I had chickens in Tainan! Grandma raised them for eggs. It was really fun. There were two stories, you went upstairs [to get to our house]. Downstairs was rented to someone for business. Everyone lived on the second floor. It was a little dirty, there were a lot of bugs. It was weird. After we took apart the second floor ceiling and created a new room for us to live in, they didn’t do a good job. Before that, living on the second floor there were no problems. The attic upstairs had bugs. It was scary. I got bitten a lot! And then in the back- it was a concrete house- there was a small space. It was very small. You could shower, do whatever. Grandma raised chickens. Behind the bathroom in a small space. On the second floor. It was funny, right?
There was a bathroom. Here was a kitchen (drawing image on paper). The house was long. Very, very long. In the front was the bedroom and living room, that’s it. In the back was a small kitchen and bathroom. Next to the bathroom was a half open space, so in the back we could raise chickens. It was fun. We raised a few cages. It used to be like this. Because we were poor, no one could say they wanted to eat chicken and just go buy one. Everyone raised a few. And then they laid eggs. So really, it was pretty good. You just needed to keep it clean. Now we have so much space, but who would do this? But really, if you can take care of the space and keep it clean, it’s very good. Now the chickens eat those things [hormones]. They didn’t use to, because we’d raise them ourselves.
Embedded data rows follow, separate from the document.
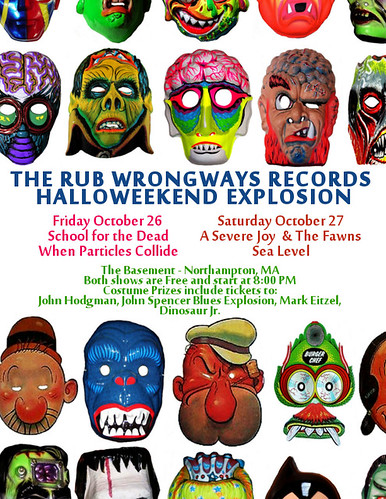 The Rub Wrongways Records Halloweekend Explosion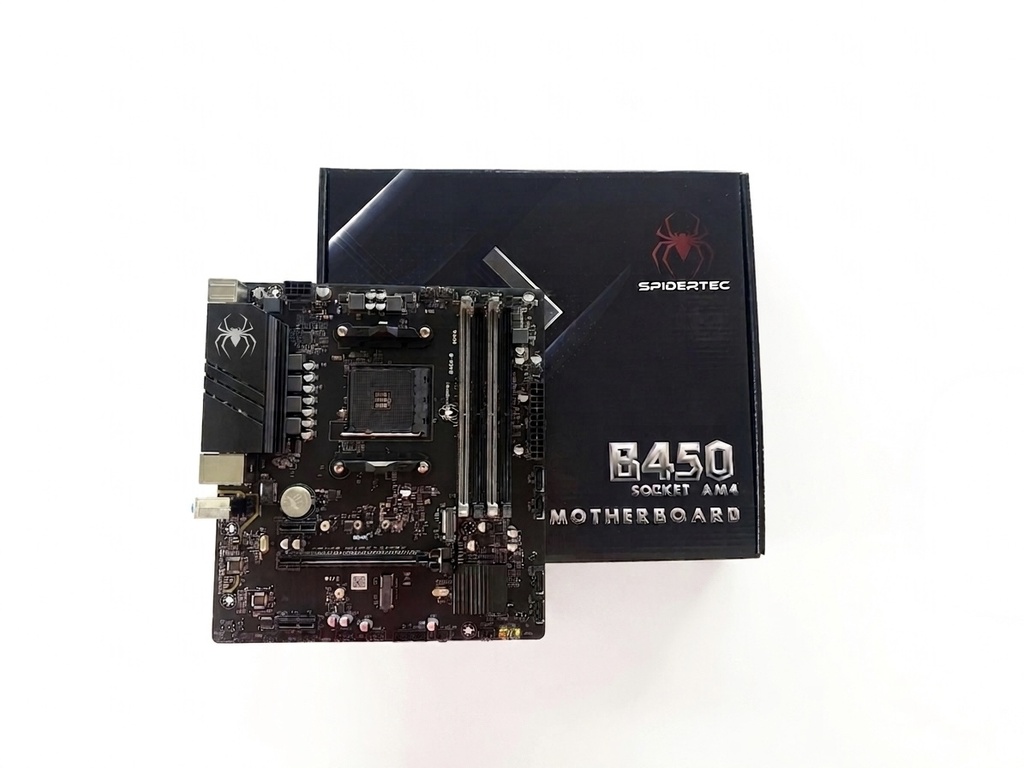 Tarjeta Madre SPIDERTEC IGNIS B450 Socket AM4 4xDDR4 3200Mhz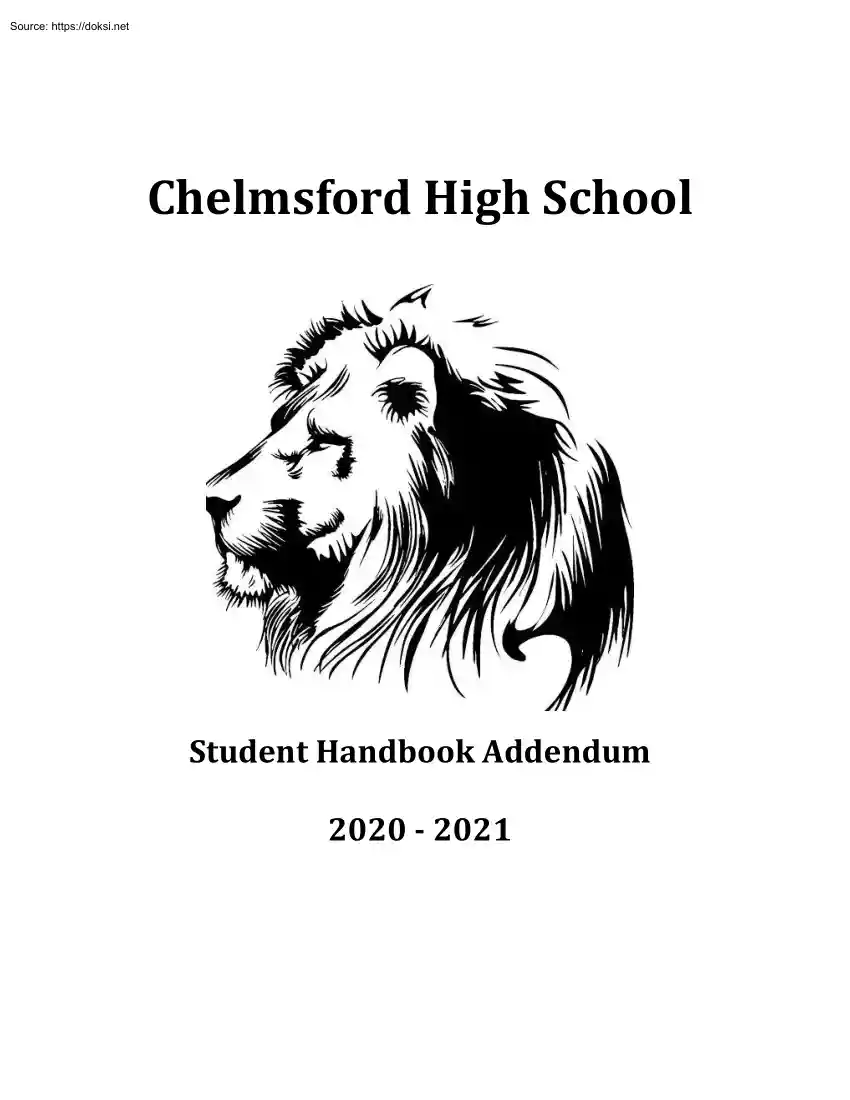 Chelmsford High School, Student Handbook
We’d feed them scraps, which was no problem.
I even helped grandma kill chickens. So scary! Grandma would grab it. I would help her hold the chicken. She would cut the chicken’s neck to let the blood flow out. She would collect the blood. And the blood, you let the rice soak up. It was so good! Really! They didn’t waste the blood. Because for the Chinese, you know, everything can be used. And at least the chickens were clean (referring to hormones) because we raised them ourselves. But you know, there were a lot of issues. People at the time were very frugal and careful. Like showering, it was a bucket where you boiled hot water. Just take a quick shower. There was no shower, not much. There was a tub. We fashioned our own. Then we boiled a ton of water. Then we’d start with the men who would bathe. After they were done, it was my turn. We would all share the water, we boiled a lot. Of course beforehand we’d splash water on ourselves to get clean before going in to bathe. It was pretty good, you know? The tub was very high. One person would sit down and it would be up to here (motions). This saved a lot. But in the Chinese perspective, this wasted a lot of water. So everyone would wash together. Grandma would boil a pot of water and keep boiling. We used to use wood and then bring the water over. It was actually really fun and interesting.
[What did you want to be when you were young?] When I was young, I remember I wanted to be a teacher. How strange. At the time they thought being a teacher was a good job for a housewife. Secure, and gave you more time with family. Education. I remember- when I was young I didn’t exactly really want to do something. Just thought being a teacher seemed pretty good. But then I got to college and didn’t think that anymore. I thought being a teacher “not easy”. Because I kept tutoring. From freshman year on I kept tutoring. After graduating high school I went to tutor the neighbor’s children. After doing this I just thought I wasn’t very interested.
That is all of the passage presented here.